4. Analysis by Hon’ble High Court

The Hon’ble High Court of Delhi contended that:

  • In the given case, the assessee have made remittances/investment in shares of their Indian subsidiaries. It is an admitted position that the transactions in question are capital account transactions. 
  • It is settled law that investment in shares in an Indian subsidiary Company cannot be treated as ‘income’ as the same is in the nature of “capital account transaction” and it does not give rise to any income. 
  • In the matter of Nestle SA Versus Assistant Commissioner of Income Tax (W.P.(C) No. 12643/2018), this Court held that:
    • The principal objection of the Petitioner that its investment in the shares of its subsidiary cannot be treated as ‘income’ is well founded. 

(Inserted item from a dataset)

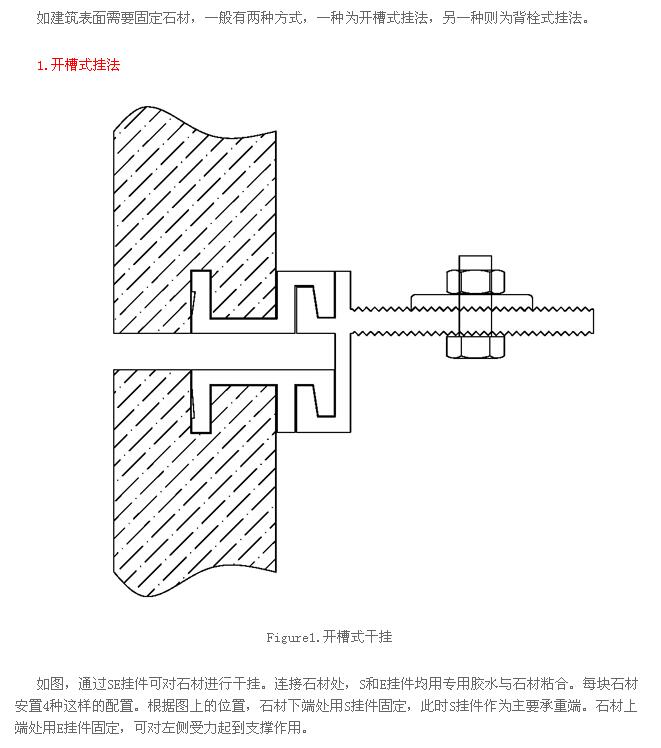 幕墙 背栓式 和 短槽式 区分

    • The decision of the Bombay High Court in Vodafone India Services Pvt. Ltd. v. Union of India (supra) holding such investment in shares to be a ‘capital account transaction’ not giving rise to income was accepted by the CBDT. 
    • Further, such a position was also confirmed by CBDT through Para 2 of Instruction No.2 of 2015 dated 29th January, 2015.

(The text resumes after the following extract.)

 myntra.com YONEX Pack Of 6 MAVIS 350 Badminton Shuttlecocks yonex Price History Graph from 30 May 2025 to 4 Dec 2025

    • As per Para 2 of Instructions, CBDT confirmed the acceptance of board of the decision of the High Court of Bombay in the above mentioned Writ Petition. Same judgment is to be adhered to in all cases where this issue is involved. 

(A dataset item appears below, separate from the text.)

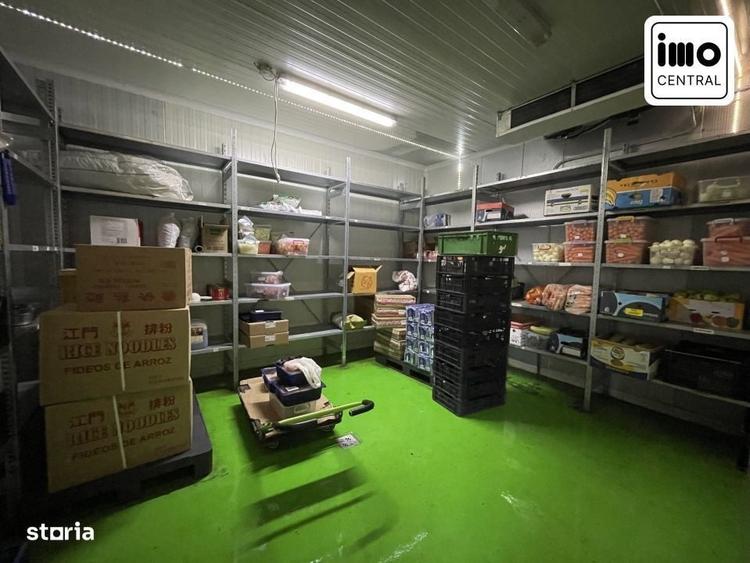 Inchiriere spatiu cu destinatie alimentara ideal delivery - 6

    • Therefore, the contention of the Respondent that the above investment by the Petitioner in the shares of its subsidiary amounted to ‘income’ which had escaped assessment was flawed. 
  • Therefore, in the given case, the action of the Respondents is in contravention of the CBDT Instruction No. 2 of 2015 dated 29th January, 2015 reiterating the view expressed by the Bombay High Court in Vodafone India Services Pvt. Ltd. Versus Union of India.
  • The judgment of the Bombay High Court was also accepted by the Union Cabinet and a press note dated 28th January, 2015 was issued by the Press Information Bureau, Government of India. The relevant portion of the said press note is reproduced hereinbelow:
    • Acceptance of the Order of the High Court of Bombay in the case of Vodafone India Services Private Limited
    • This is a major correction of a tax matter which has adversely affected investor sentiment. 
    • The Cabinet decided to accept the order of the High Court of Bombay and not to file SLP against it before the Supreme Court of India; 
    • This decision will bring greater clarity and predictability for taxpayers as well as tax authorities, thereby facilitating tax compliance and reducing litigation on similar issues. 
    • This will also put to rest the uncertainty prevailing in the minds of foreign investors and taxpayers in respect of possible transfer pricing adjustments in India on transactions related to issuance of shares, and thereby improve the investment climate in the country. 
    • The issue of shares at a premium is on a Capital account and gives rise to no income. 
    • Further, The submission of the revenue that the shortfall in the ALP as computed for the purposes of Chapter X of the Act is misplaced. The ALP is meant to determine the real value of the transaction entered into between AEs. It is a re-computation exercise to be carried out only when income arises in case of an International transaction between AEs. It does not warrant re-computation of a consideration received / given on capital account.
  • Further, in the matter of Divya Capital One Private Limited vs. Assistant Commissioner of Income Tax Circle 7(1) Delhi & Anr., 2022 SCC, this court has held that the benchmark of “escapement of income chargeable of tax” still remains the primary condition to be satisfied before invoking powers under Section 147 of the Act’. 
  • Consequently, the impugned orders under Section 148A (d) of the Act and the notices passed under Section 148 of the Act are set aside.

5. Order

The Hon’ble Delhi high court has held that It is settled law that investment in shares in an Indian subsidiary Company cannot be treated as ‘income’ as the same is in the nature of “capital account transaction” and it does not give rise to any income. Therefore, Impugned order and notices are liable to be set aside.